We can use Clojure’s map function to process each key/pair of the map data.

mlas.core> (map (fn [[k v]] (println k " > " v)) (second x))
Department of Culture, Arts and Leisure > 32
Department of the Environment > 96
Department for Social Development > 76
Department of Agriculture and Rural Development > 53
Department for Employment and Learning > 40
Department for Regional Development > 128
Northern Ireland Assembly Commission > 18
Department of Education > 131
Department of Health, Social Services and Public Safety > 212
Department of Justice > 38
Department of Finance and Personnel > 105
Office of the First Minister and deputy First Minister > 151
Department of Enterprise, Trade and Investment > 66
(nil nil nil nil nil nil nil nil nil nil nil nil nil)
mlas.core>

A couple of things to note, notice the use of [k v] being passed in to the map function. Secondly as I’m using the println function the result of the map function is going to be nil. The last line is the result of the Clojure map function.

In part we’ve got two thirds of the CSV output already done with the target node and the value, I need to redo the Spark function so instead of the member id being the key I want the name of the MLA in question.

(defn mlaname-department-frequencies-rdd [members-questions-rdd]
 (->> members-questions-rdd
     (spark/map-to-pair 
        (s-de/key-val-val-fn (fn [key member questions]
          (let [freqmap (map (fn 
(:departmentname question)) questions)] (spark/tuple (:membername member) (frequencies freqmap))))))))

When I run this function with the existing member/question Pair RDD I get a new Pair RDD with the following:

mlas.core> (def mmdep-freq (mlaname-department-frequencies-rdd mq-rdd))
#'mlas.core/mmdep-freq
mlas.core> (spark/first mmdep-freq)
#sparkling/tuple ["Beggs, Roy" {"Department of Culture, Arts and Leisure" 32, "Department of the Environment" 96, "Department for Social Development" 76, "Department of Agriculture and Rural Development" 53, "Department for Employment and Learning" 40, "Department for Regional Development" 128, "Northern Ireland Assembly Commission" 18, "Department of Education" 131, "Department of Health, Social Services and Public Safety" 212, "Department of Justice " 38, "Department of Finance and Personnel" 105, "Office of the First Minister and deputy First Minister" 151, "Department of Enterprise, Trade and Investment" 66}]

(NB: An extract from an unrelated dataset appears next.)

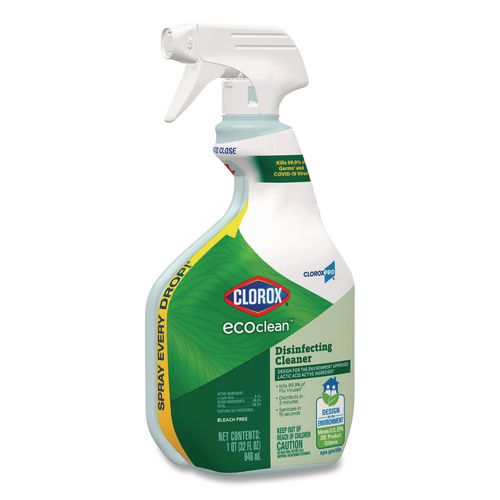 Clorox - Clorox Pro EcoClean Disinfecting Cleaner, Unscented, 32 oz Spray Bottle, 9/Carton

With that RDD we have all the elements for the required CSV file. A source node (the MLA’s name), a target node (the department) and a value (the frequency). Notice that I’m also removing the commas from the MLA name and the department name, otherwise I’ll break the sanaky diagram when it’s rendered on screen.

(defn generate-csv-output [mddep-freq]
  (->> mddep-freq 
       (spark/map (s-de/key-value-fn (fn [k v] (let [mlaname k]
           (map (fn [[department frequency]]
                        [(str/replace mlaname #"," "")
                         (str/replace department #"," "")
                         frequency]) v)))))
       (spark/collect)))

And then a method to write the actual cvs file.

(defn write-csv-file [filepath data]
 (with-open [out-file (io/writer (str filepath "sankey.csv"))]
 (csv/write-csv out-file data)))

To test I’m just going to write out the first MLA in the vector.

mlas.core> (def csv-to-output (generate-csv-output mldep-rdd))
#'mlas.core/csv-to-output
mlas.core> (first csv-to-output)
(["Beggs, Roy" "Department of Culture, Arts and Leisure" 32] ["Beggs, Roy" "Department of the Environment" 96] ["Beggs, Roy" "Department for Social Development" 76] ["Beggs, Roy" "Department of Agriculture and Rural Development" 53] ["Beggs, Roy" "Department for Employment and Learning" 40] ["Beggs, Roy" "Department for Regional Development" 128] ["Beggs, Roy" "Northern Ireland Assembly Commission" 18] ["Beggs, Roy" "Department of Education" 131] ["Beggs, Roy" "Department of Health, Social Services and Public Safety" 212] ["Beggs, Roy" "Department of Justice " 38] ["Beggs, Roy" "Department of Finance and Personnel" 105] ["Beggs, Roy" "Office of the First Minister and deputy First Minister" 151] ["Beggs, Roy" "Department of Enterprise, Trade and Investment" 66])
mlas.core> (write-csv-file "/Users/Jason/Desktop/sankey.csv (first csv-to-output))
nil
mlas.core>

So far so good, checking on my desktop and there’s a CSV file ready for me to use. I just need to add the header (source,target,value) to the top line. In all honesty I should really insert that header row at the start of the vector.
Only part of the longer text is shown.